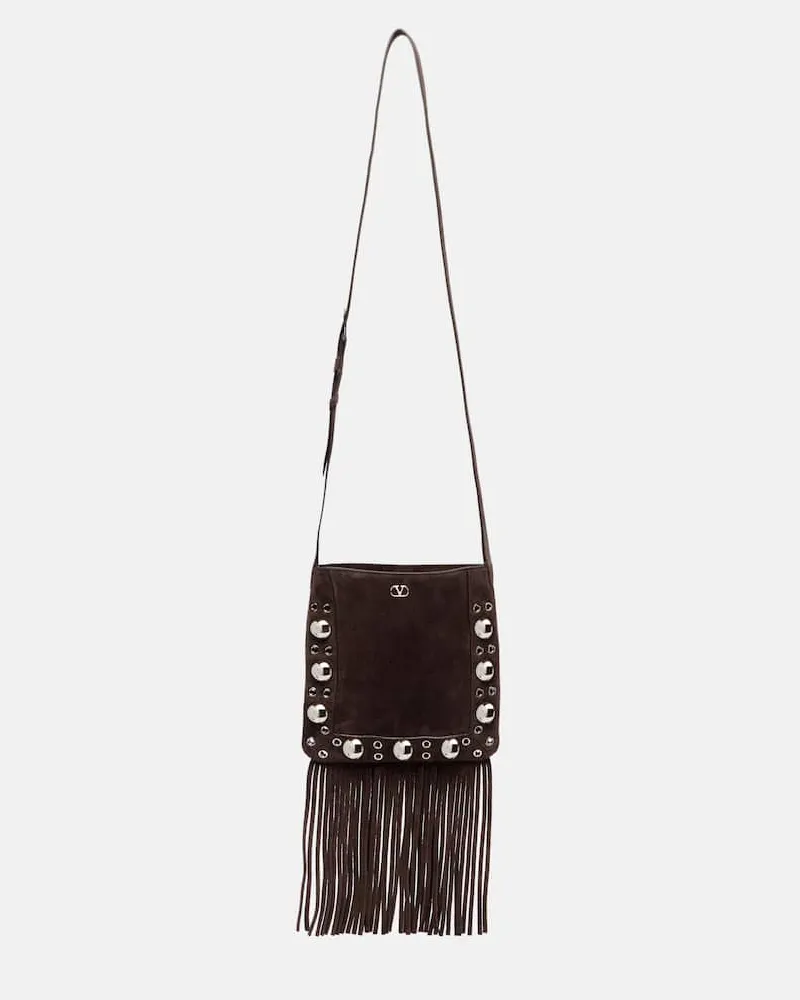 Valentino Garavani Schultertasche Nellcôte Small Braun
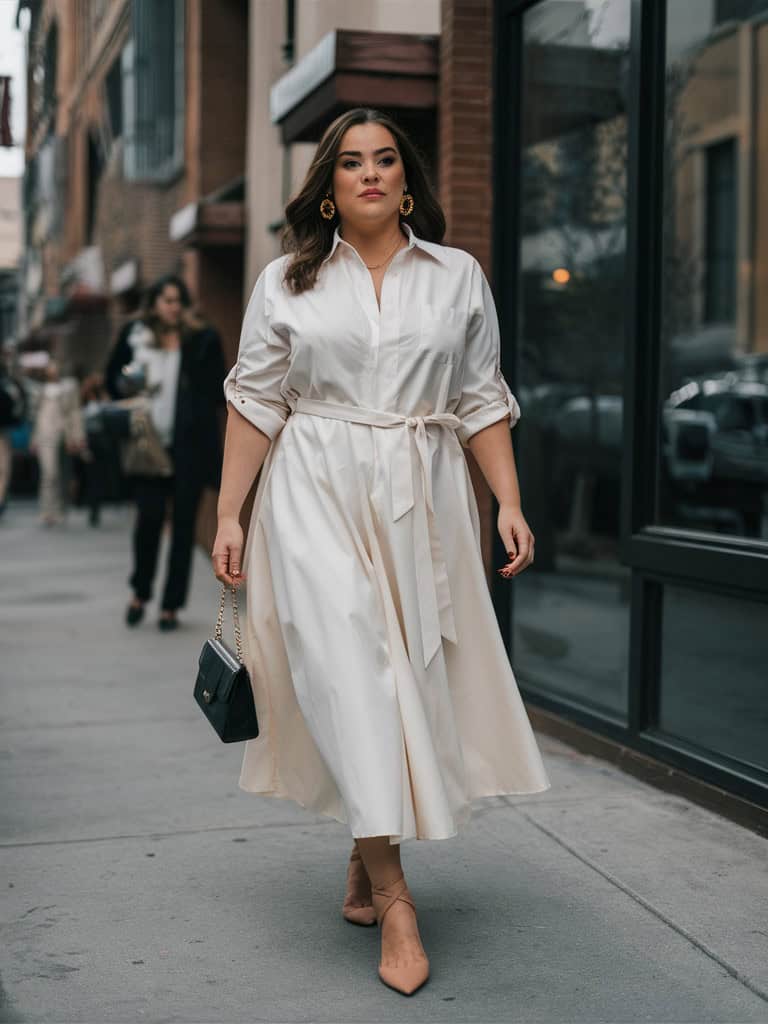 Belted Shirtdress & Statement Earrings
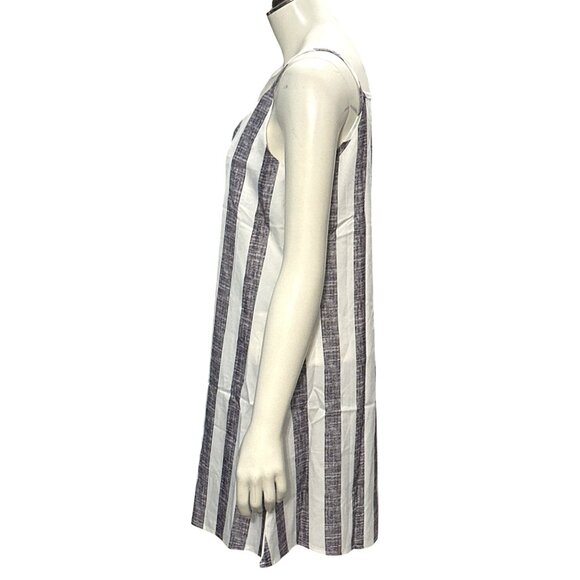 CCC Black White Striped A Line Sleeveless Spaghetti Straps Sheer Dress Size Smll - Picture 2 of 8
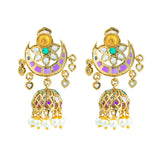 Gold Elegance Meenakshi Crescent Jhumka Earrings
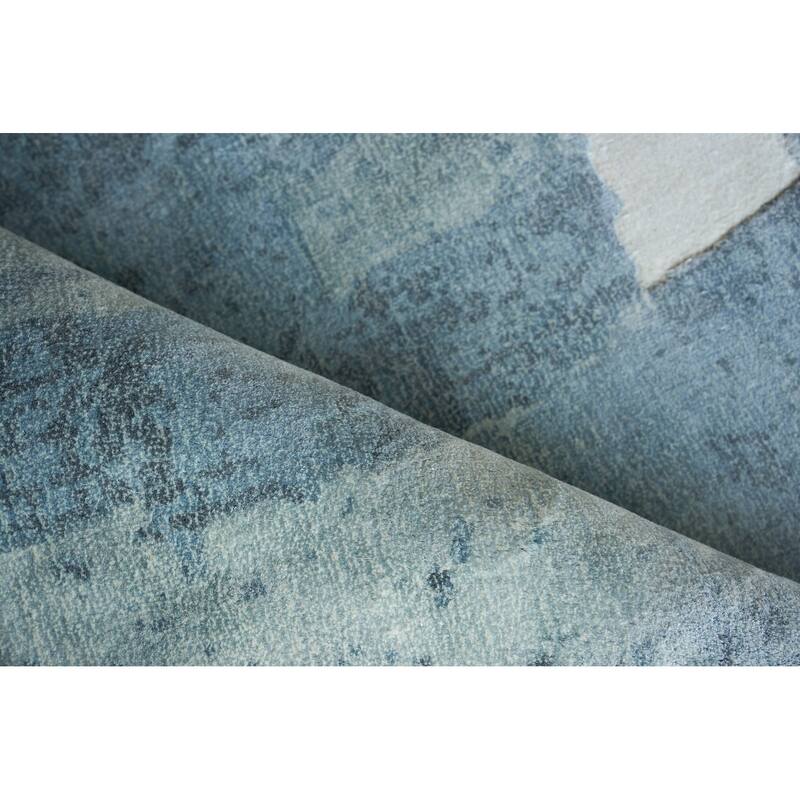 Papyrus Blue Wool/Bamboo Silk handloomed Area Rug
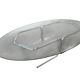 XL vintage glass coffee table with chrome frame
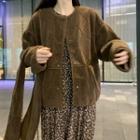 Furry Jacket / Plaid Midi Skirt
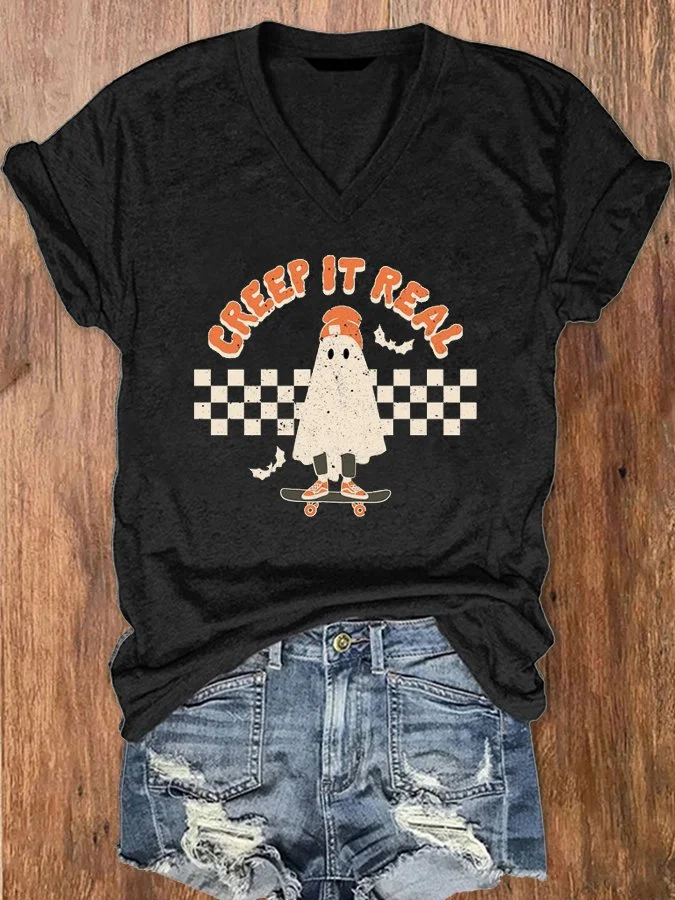 Women's Retro Vintage Ghost Halloween Creep it Real Print V-Neck T-Shirt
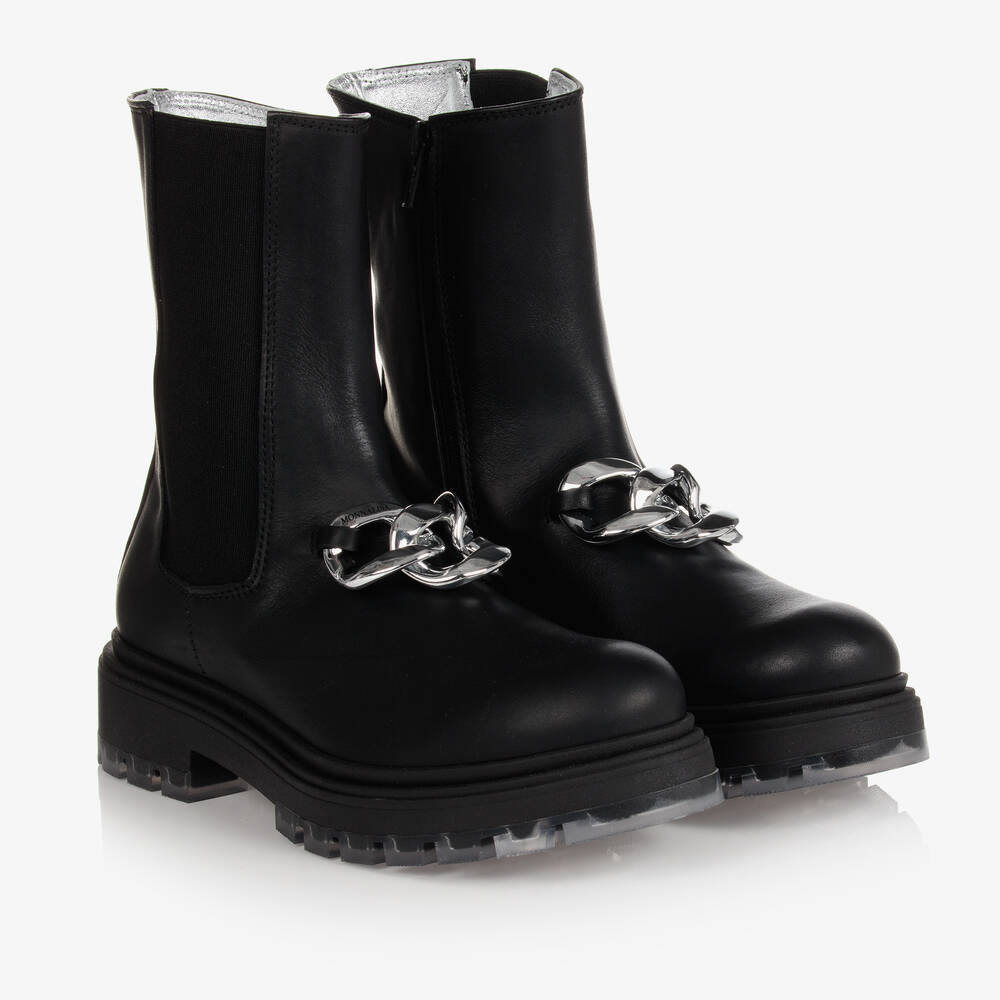 Monnalisa - Bottines noires cuir Ado fille | Childrensalon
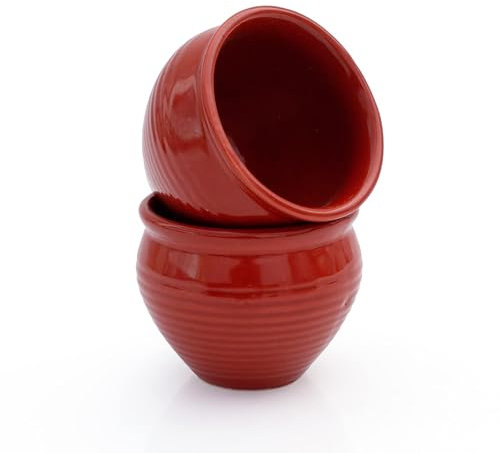 Handmade Traditional Kulhar Kulhad Chai Tea Coffee Mug Cup Cantaritos Set of 2 Glazed Earthenware Glossy Finish Clay Terracotta Artisanal Studio Pottery Mud Brown Food Safe Natural Rustic Eco-Friendly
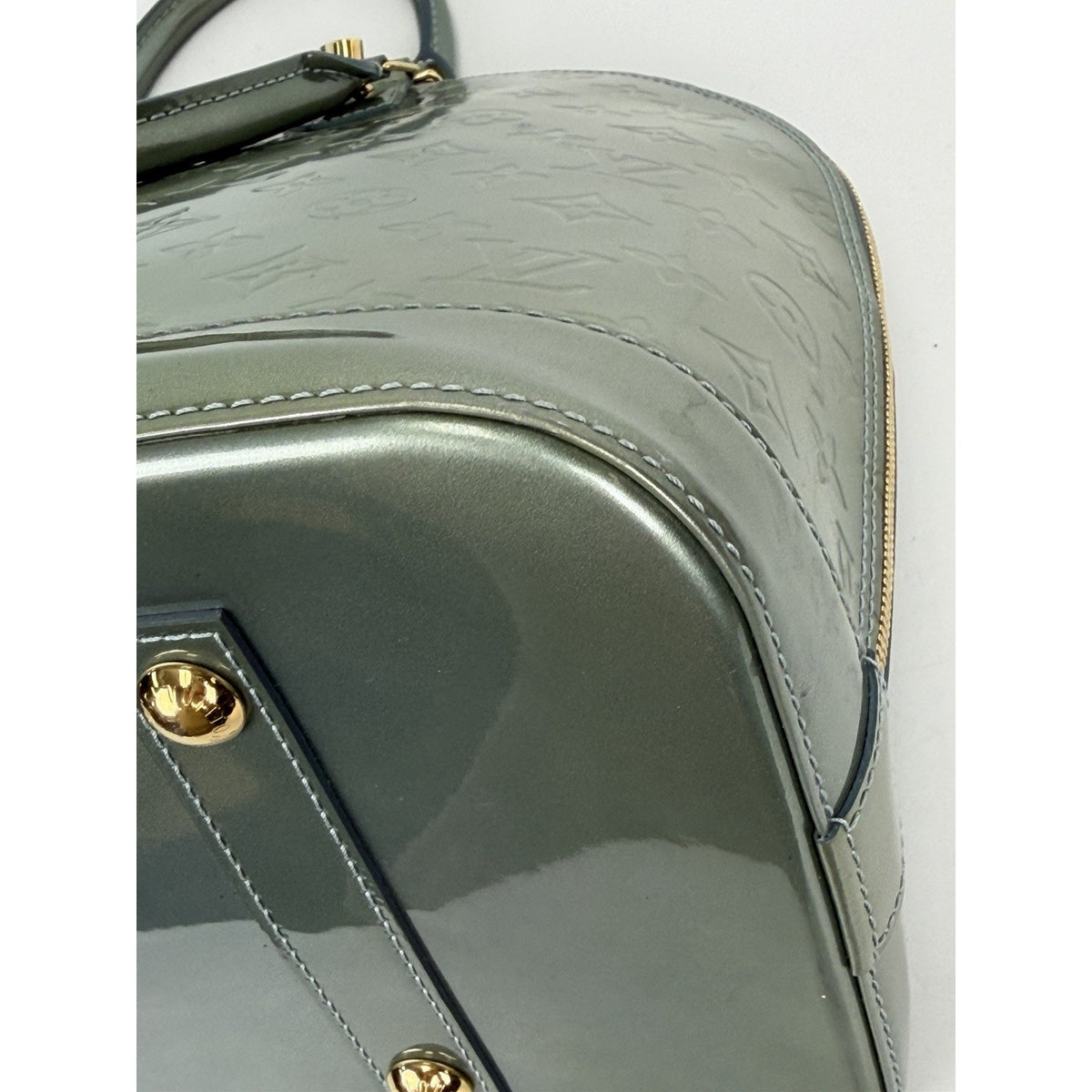 Louis Vuitton Alma GM Handbag in Green LV Monogram Vernis Patent Leather 2011 F2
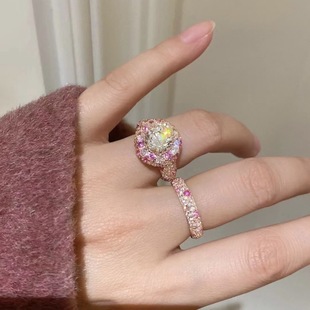 S925纯银玫瑰殿下红刚玉粉钻甜甜圈中古风戒指女合集叠戴美拉德风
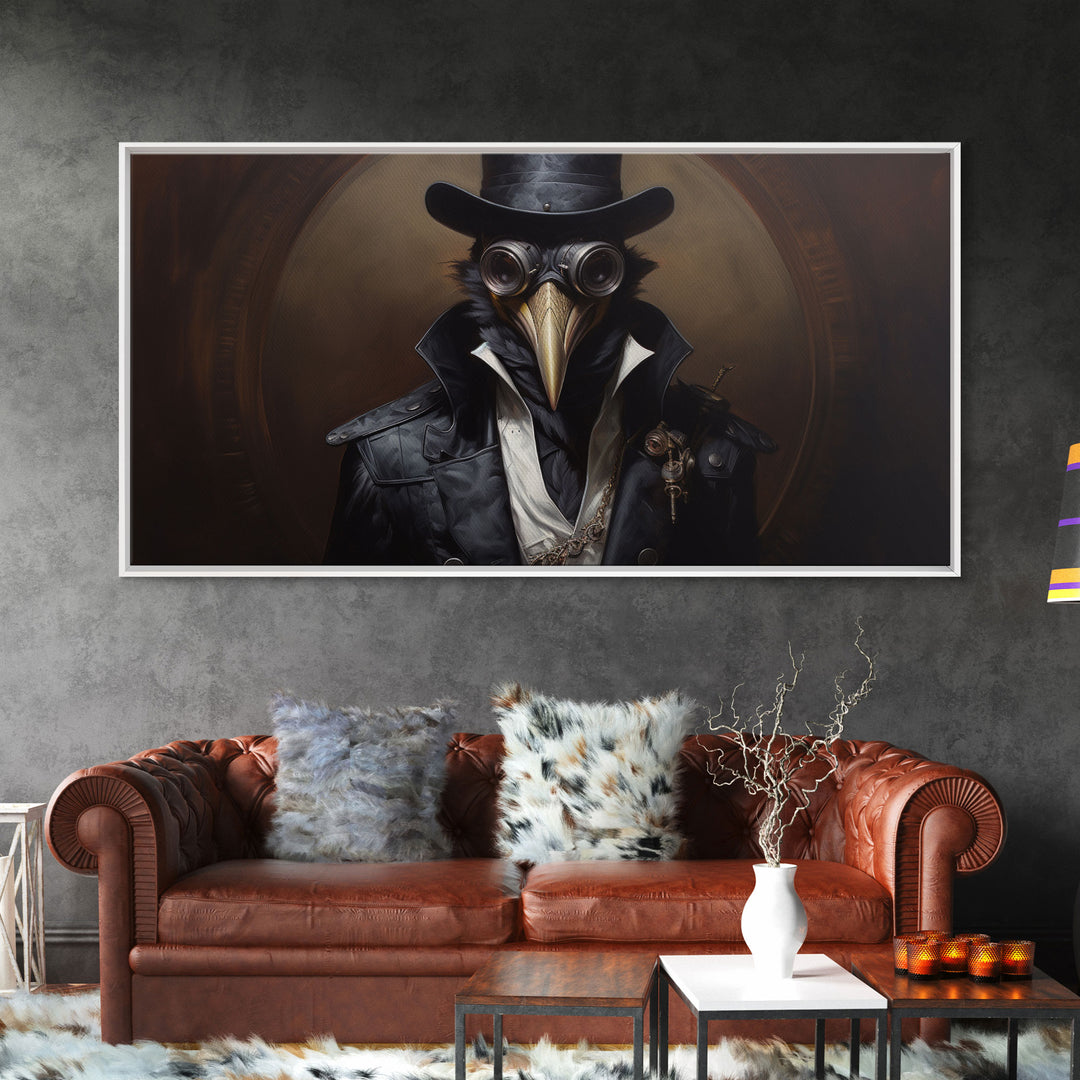 Steampunk Raven Plague Doctor, Dark Decor, Framed Canvas print, Halloween Art Prints, Spooky Victorian Oil Painting Print, Halloween Decor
──────────
## What this task involves
Leaving out the pictures, reproduce the whole listing above exactly.

## Result of the exercise
 Valentino Garavani Schultertasche Nellcôte Small Braun
 Belted Shirtdress & Statement Earrings
 CCC Black White Striped A Line Sleeveless Spaghetti Straps Sheer Dress Size Smll - Picture 2 of 8
 Gold Elegance Meenakshi Crescent Jhumka Earrings
 Papyrus Blue Wool/Bamboo Silk handloomed Area Rug
 XL vintage glass coffee table with chrome frame
 Furry Jacket / Plaid Midi Skirt
 Women's Retro Vintage Ghost Halloween Creep it Real Print V-Neck T-Shirt
 Monnalisa - Bottines noires cuir Ado fille | Childrensalon
 Handmade Traditional Kulhar Kulhad Chai Tea Coffee Mug Cup Cantaritos Set of 2 Glazed Earthenware Glossy Finish Clay Terracotta Artisanal Studio Pottery Mud Brown Food Safe Natural Rustic Eco-Friendly
 Louis Vuitton Alma GM Handbag in Green LV Monogram Vernis Patent Leather 2011 F2
 S925纯银玫瑰殿下红刚玉粉钻甜甜圈中古风戒指女合集叠戴美拉德风
 Steampunk Raven Plague Doctor, Dark Decor, Framed Canvas print, Halloween Art Prints, Spooky Victorian Oil Painting Print, Halloween Decor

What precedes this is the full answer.